“We’re trying to remember the real positives. After…oh on Friday…when you said can you talk? I thought, I can’t – I think I’ll just be in tears. And it’s only handwriting. I thought, ugh I can’t even talk to you about handwriting… I’m too emotional about it…”
I was on a video call with Abbie a few days after I’d started working online with her eight-year-old son.
The first couple of days had gone really well but on the aforementioned Friday I received this message along with the photo of his practice:
Straight away I’d asked if we could talk because I could feel there was a huge amount of emotion behind her message. Our call on the following Monday was a really helpful opportunity for me to listen and explain some things which helped Abbie begin to relax, trust me and trust the process. Things went well after our chat. Handwriting practice was moved to first thing in the morning after breakfast. We agreed it was hard to focus attention when her son had been concentrating online all morning (due to Lockdown) and was hungry.
It’s really hard for parents.
We want so much for our children.
Parents have their own perspective about how important handwriting is or isn’t. That perspective can change; their viewpoint is formed from personal experiences but also becomes affected by additional emotional factors, like their child’s unhappiness, anger, frustration, anxiety or distress… about pen licences… teacher concerns… fear about legibility in exams…about potential negative judgement or bias.
Parents want to help but often don’t actually know how to. This is sometimes reflected in feeling that they shouldn’t have to, that it’s the school’s responsibility.

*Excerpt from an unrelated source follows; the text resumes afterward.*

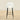 Furniture-Winton Bar Stool-Bloomr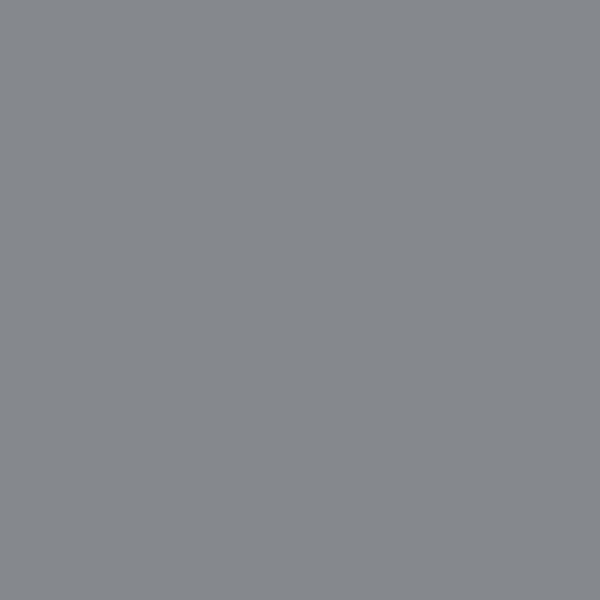 Pamesa Essenza Grigio 60×60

When parents contact me I hear things like:
‘I feel the school should have done something sooner.’
‘I’m disappointed that nothing was flagged up.’
‘I actually feel quite let down by them.’
‘I’m concerned that teachers have allowed him to carry on writing like this for so long given that handwriting is taught in class.’
‘He says his teachers have tried but given up.’
I’m always a bit saddened to hear these remarks.
I know how hard teachers work and how they want the best for their pupils.
I know how much parents care and want the best for their children.
We need to work together.
Teachers and parents need to know how to help. That’s why I started Better Handwritten… to give guidance and support on highly effective teaching of handwriting.
Before we started working together, Abbie had done her best to help her son herself.
‘I tried worksheets over and over again but he didn’t engage in the task and it was a real struggle to keep him focused. I was also getting very frustrated with his writing, which (now I look back) was definitely having a negative impact on him and how he felt about handwriting.
I definitely didn’t appreciate the bigger picture of handwriting and all the things the brain has to coordinate to write. I felt like we had spent so much time practising and it was having no impact – I was starting to feel like my son was just being lazy and I must be a terrible teacher.’
Working with Abbie gave me an opportunity to help her reflect, understand and relax. I was able to provide a model that was manageable and got results. Thinking back to where we started reminds me just how many parents must be going through emotional stresses and strains trying to help their children.
I’ve actually just got off a call with Abbie! It’s nearly three months since we started working together and we’ve been looking back to that first week. I think Abbie’s words express the emotions involved for many parents so well …
“I remember speaking to you in the early days and I just felt SO tearful every time we spoke, because I was finding the whole thing so emotional… I couldn’t help him. Working with you isn’t what I expected it to be. I remember thinking, you’re just here to help him with handwriting but all of a sudden you’re helping me with … almost handwriting counselling.
I was so overwhelmed when we were first working together whereas now working on handwriting is such a pleasure. Our whole perception has just changed… how we look at it, how we take it on and how we talk about. Before the whole thing was so negative…for both of us. And it doesn’t feel like that at all any more.”
It’s good to talk about handwriting. It’s good to learn about it… really understand what’s involved. We need to break down the stress barriers that are denying children AND parents the many benefits and pleasures that writing by hand can bring. Understanding is empowering.